Available data
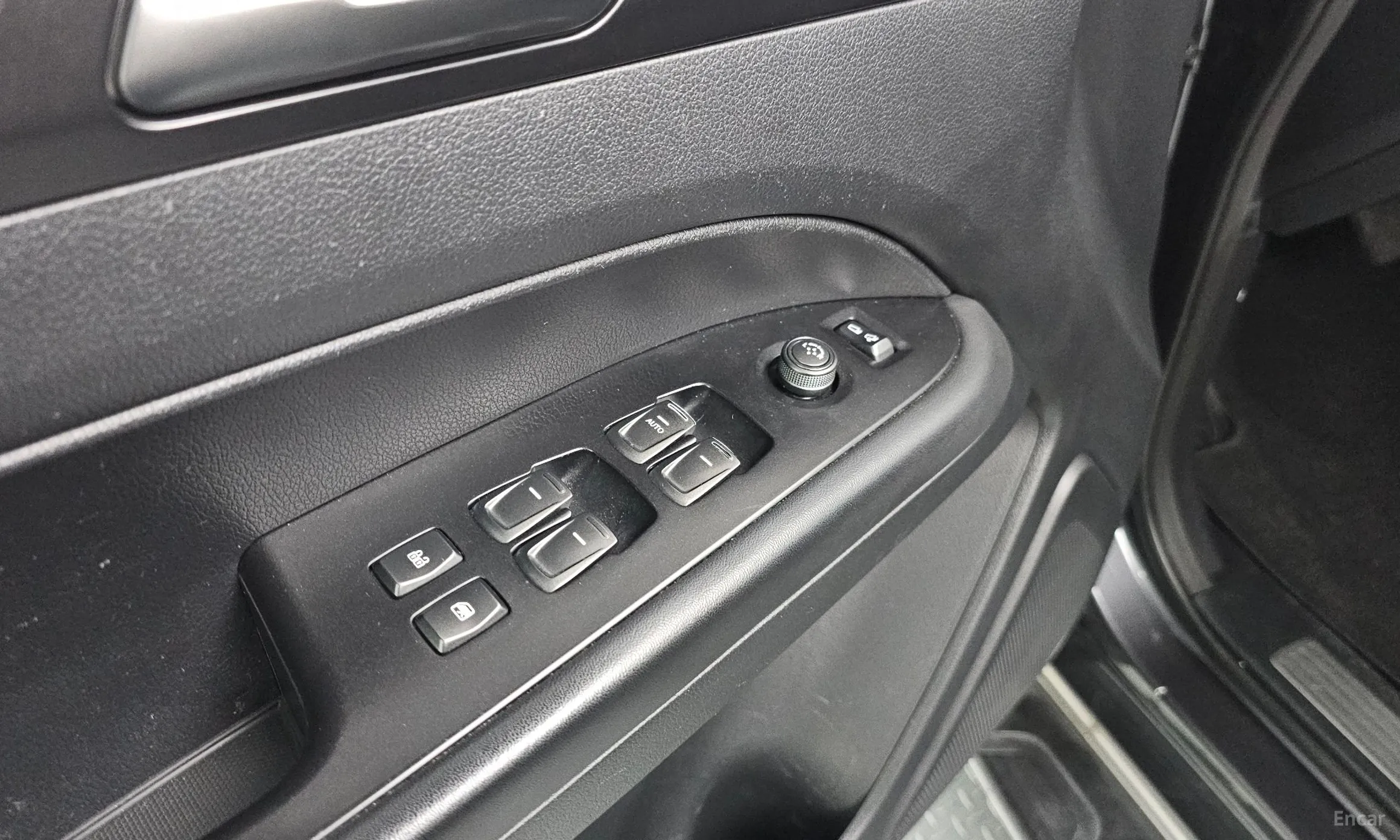 KG Mobility (SsangYong) Rexton Sports Khan превью 18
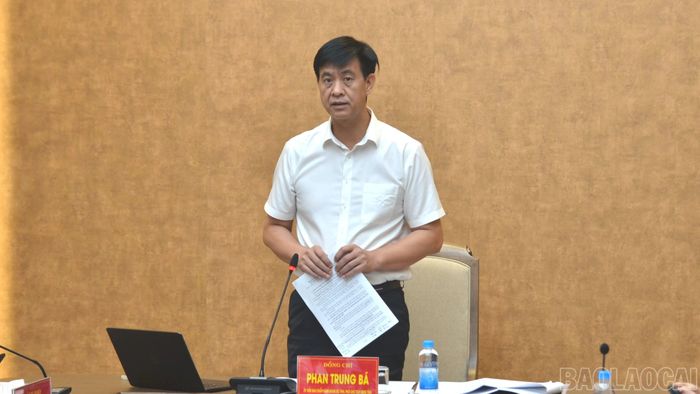 Đồng chí Phan Trung Bá - Phó Chủ tịch UBND tỉnh đề nghị các sở, ngành, địa phương đẩy nhanh tiến độ giải ngân nguồn vốn theo kế hoạch.
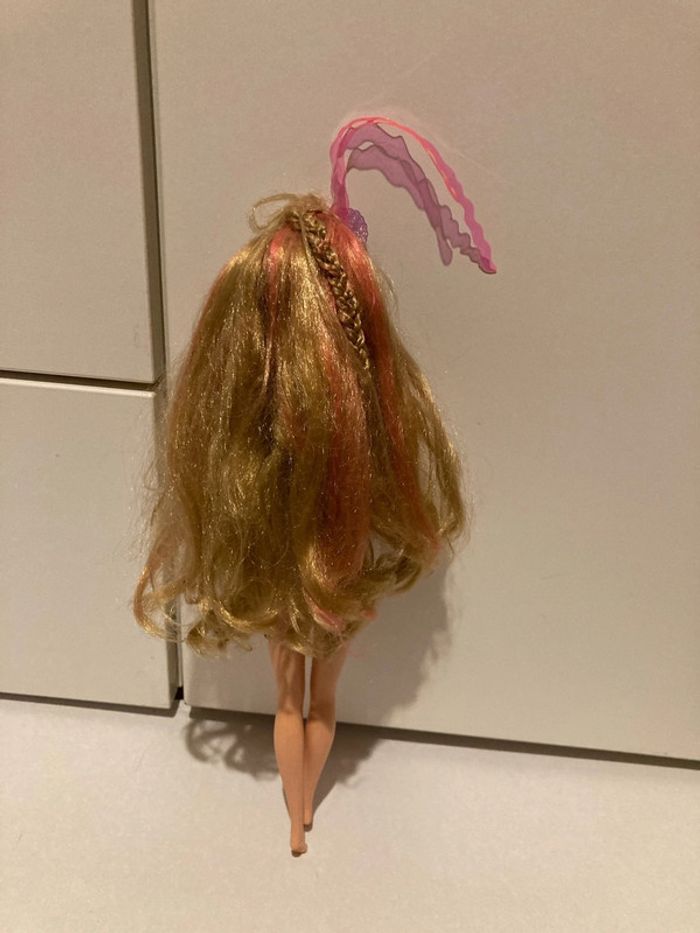 Très jolie barbie Mattel 2013 - photo numéro 3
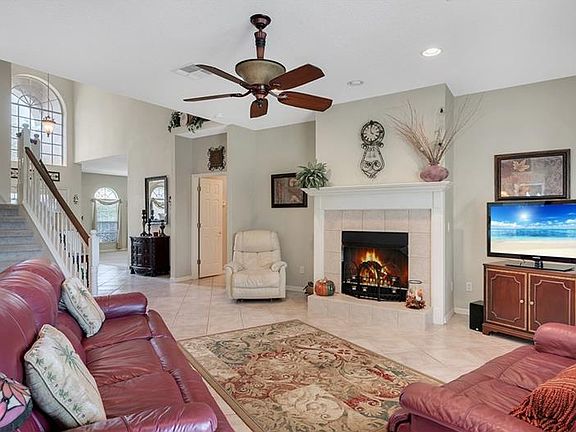 4th image of 332 Green Ash Ln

What you are asked to do
Would you return the material above exactly, apart from its pictures?

Written answer
 KG Mobility (SsangYong) Rexton Sports Khan превью 18
 Đồng chí Phan Trung Bá - Phó Chủ tịch UBND tỉnh đề nghị các sở, ngành, địa phương đẩy nhanh tiến độ giải ngân nguồn vốn theo kế hoạch.
 Très jolie barbie Mattel 2013 - photo numéro 3
 4th image of 332 Green Ash Ln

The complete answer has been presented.